(Activity):
Copying task for the records below: reproduce each one exactly and drop the pictures.

┄┄┄┄┄┄┄┄┄┄┄┄┄┄┄┄┄┄┄┄

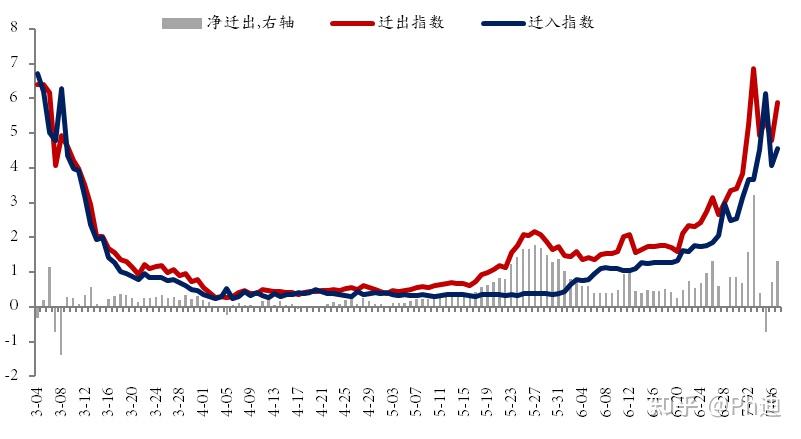 官方回应上海为何无症状较多.上海无症状病例-第2张图片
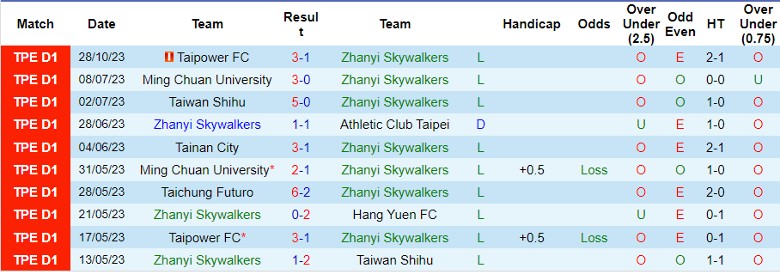 Nhận định Zhanyi Skywalkers vs Hang Yuen FC, vòng 16 giải Ngoại hạng Đài Loan 14h00 ngày 1/11 - Ảnh 1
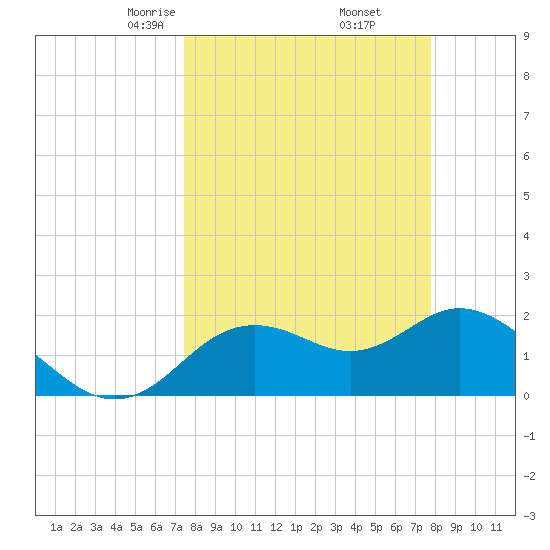 Clearwater tide chart for Sunday, March 27, 2022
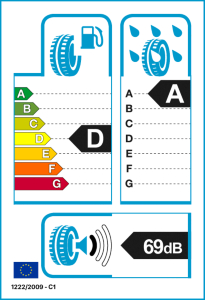 EU tyre label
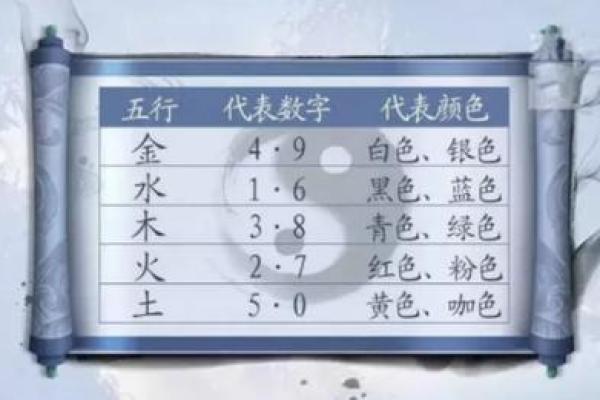 探索土命的幸运数字：如何选择最吉利的数字来提升运势？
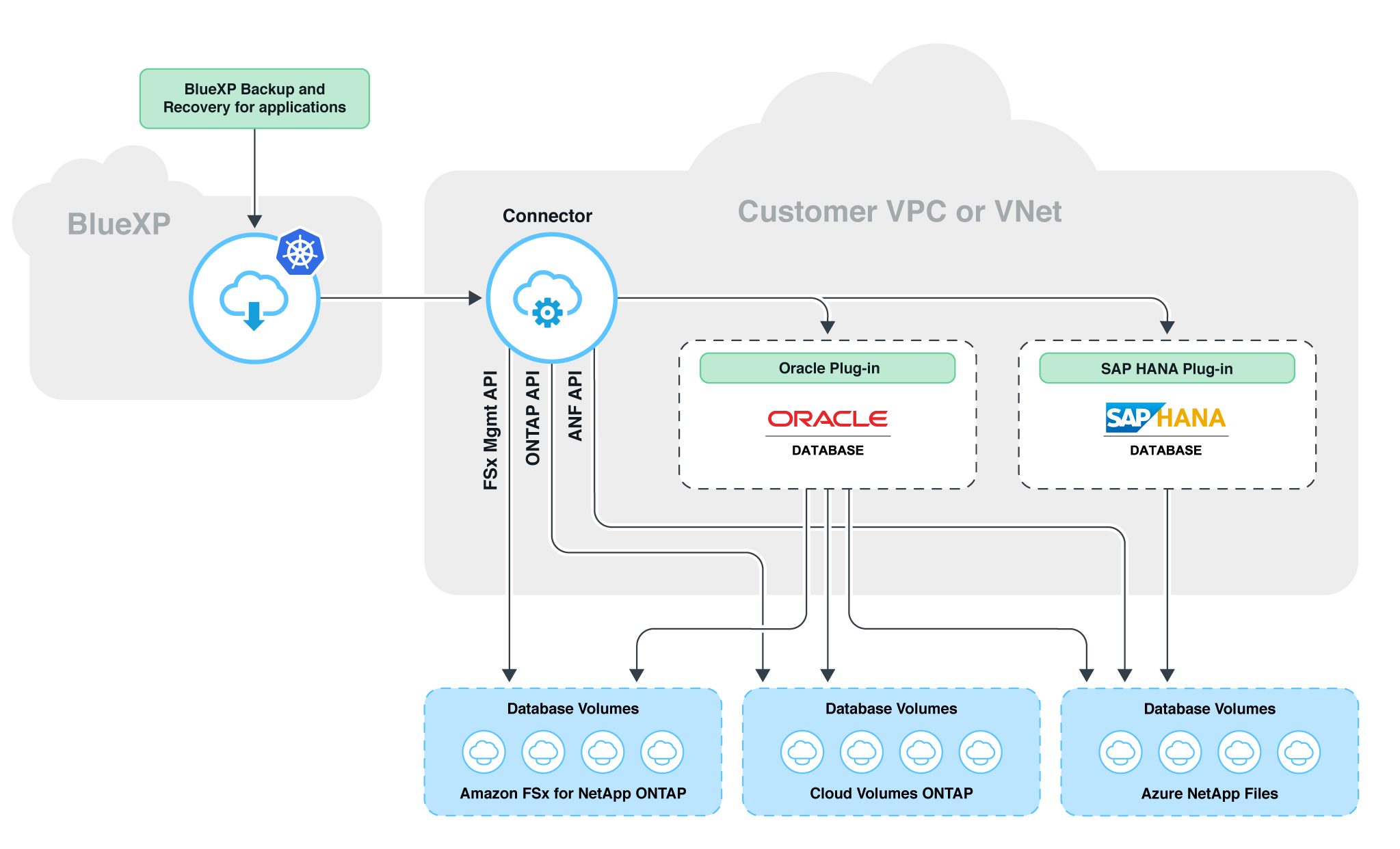 Ebin_SME_ORACLE_0-1682688558383.png Ebin_SME_ORACLE_0-1682688558383.png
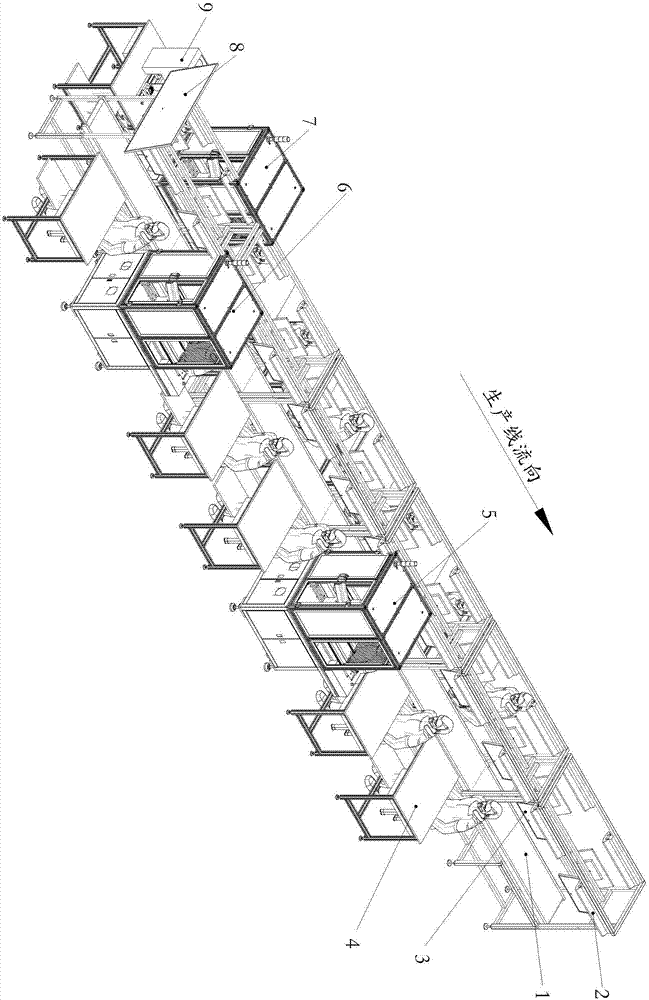 Combustible gas monitor assembly line and assembly method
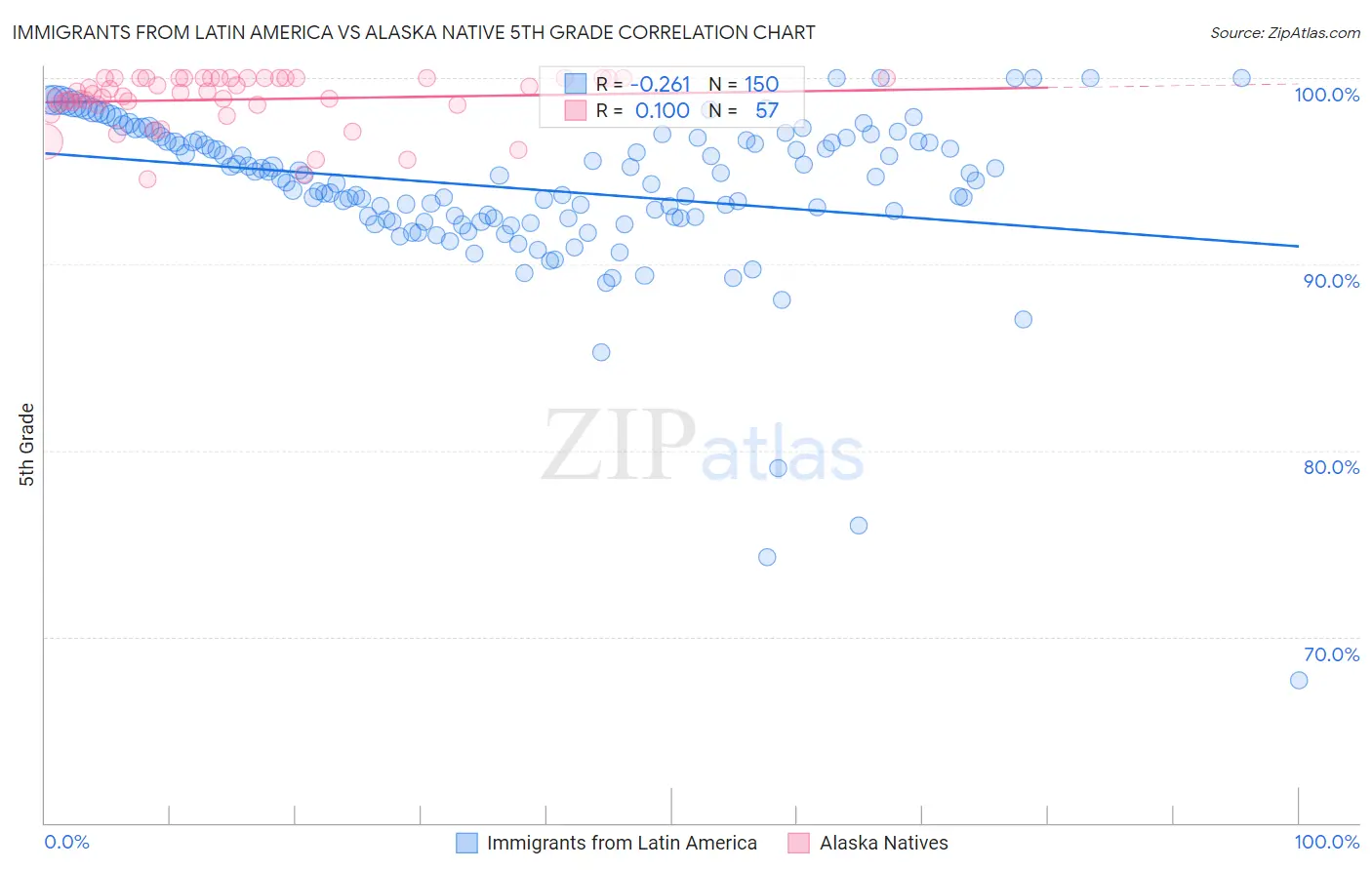 Immigrants from Latin America vs Alaska Native 5th Grade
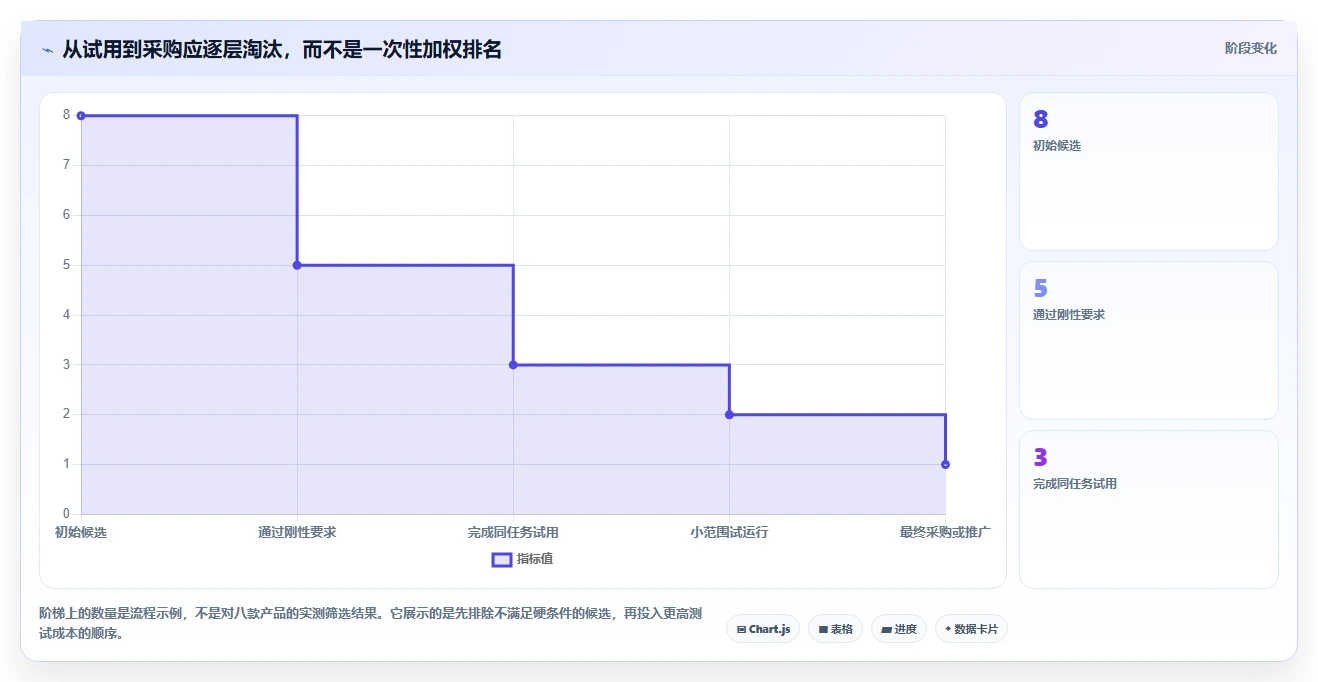 2026年效率之选:8款顶级文档在线编辑软件全面评测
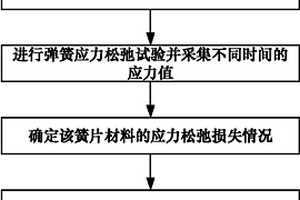 片状弹簧常温及高温应力松弛寿命预测的方法
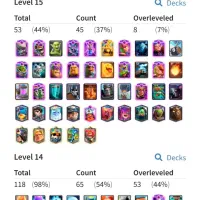 اکانت کلش رویال مکس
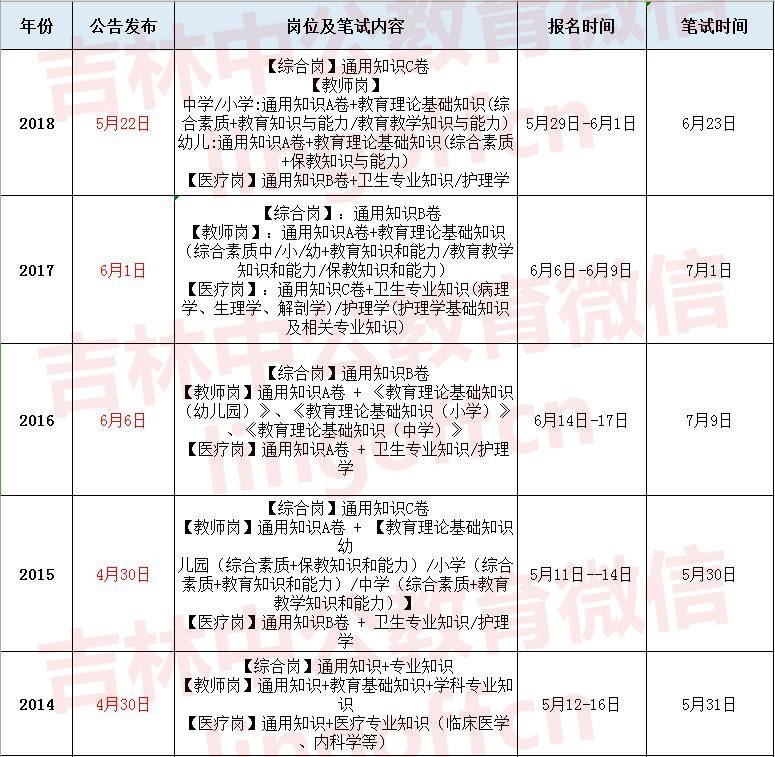 北京事业单位最新招聘信息2015最新的简单介绍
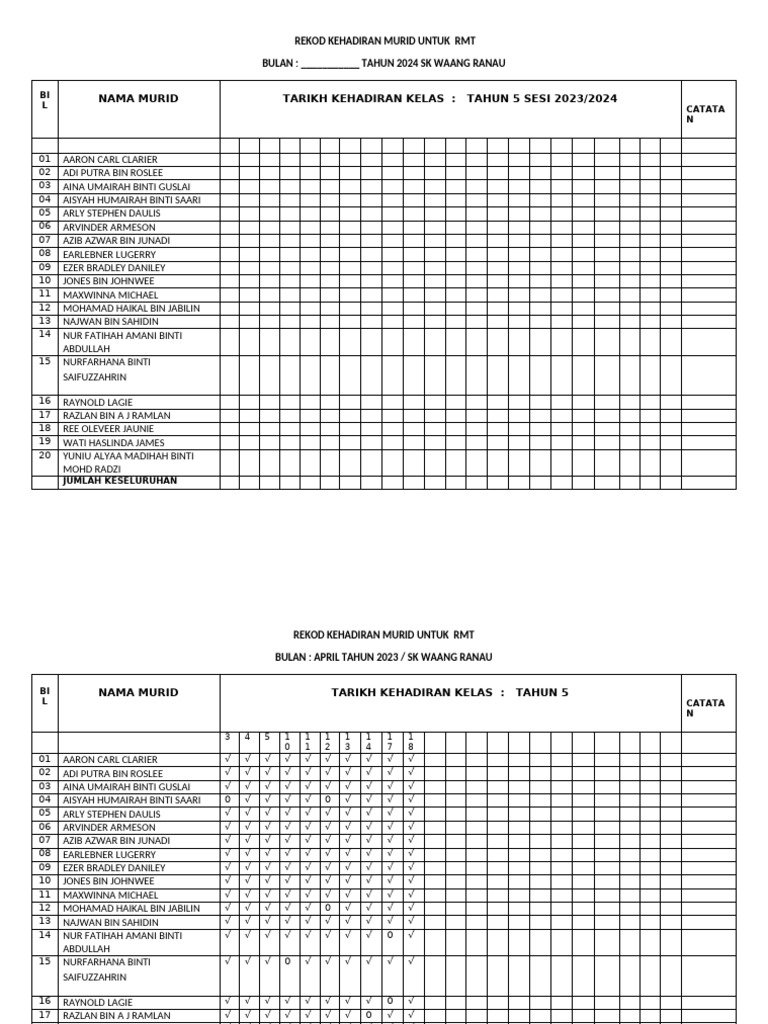 Rekod Kehadiran Murid RMT 2024 | PDF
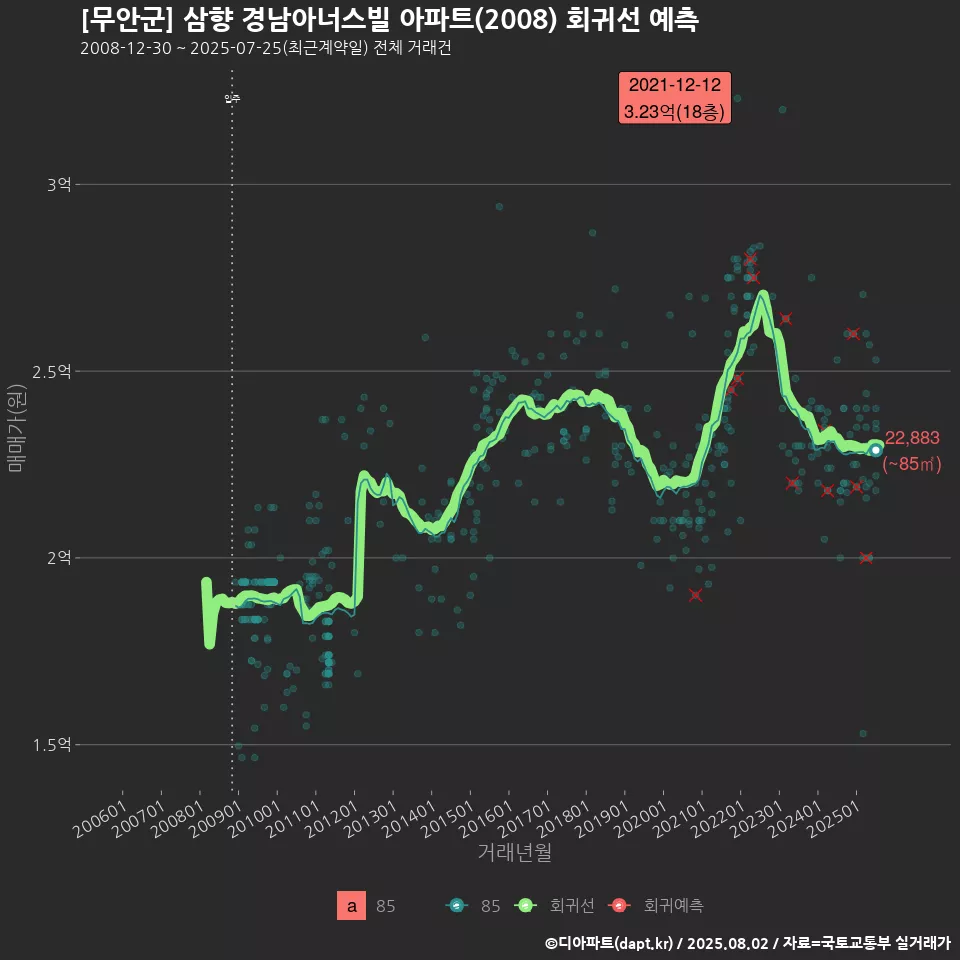 [무안군] 삼향 경남아너스빌 아파트(2008) 회귀선 예측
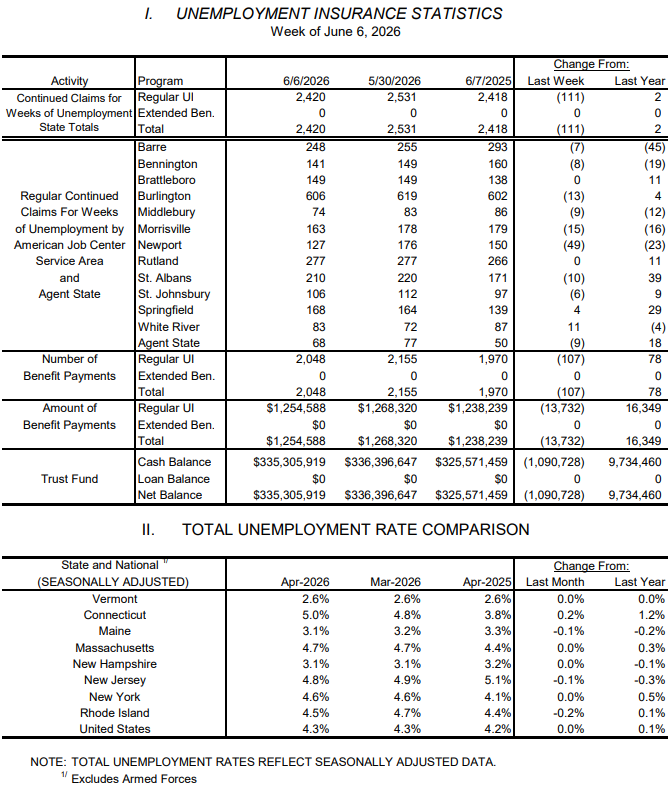 Weekly unemployment claims edge up, still under 300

┄┄┄┄┄┄┄┄┄┄┄┄┄┄┄┄┄┄┄┄

(Exercise response):
 官方回应上海为何无症状较多.上海无症状病例-第2张图片
 Nhận định Zhanyi Skywalkers vs Hang Yuen FC, vòng 16 giải Ngoại hạng Đài Loan 14h00 ngày 1/11 - Ảnh 1
 Clearwater tide chart for Sunday, March 27, 2022
 EU tyre label
 探索土命的幸运数字：如何选择最吉利的数字来提升运势？
 Ebin_SME_ORACLE_0-1682688558383.png Ebin_SME_ORACLE_0-1682688558383.png
 Combustible gas monitor assembly line and assembly method
 Immigrants from Latin America vs Alaska Native 5th Grade
 2026年效率之选:8款顶级文档在线编辑软件全面评测
 片状弹簧常温及高温应力松弛寿命预测的方法
 اکانت کلش رویال مکس
 北京事业单位最新招聘信息2015最新的简单介绍
 Rekod Kehadiran Murid RMT 2024 | PDF
 [무안군] 삼향 경남아너스빌 아파트(2008) 회귀선 예측
 Weekly unemployment claims edge up, still under 300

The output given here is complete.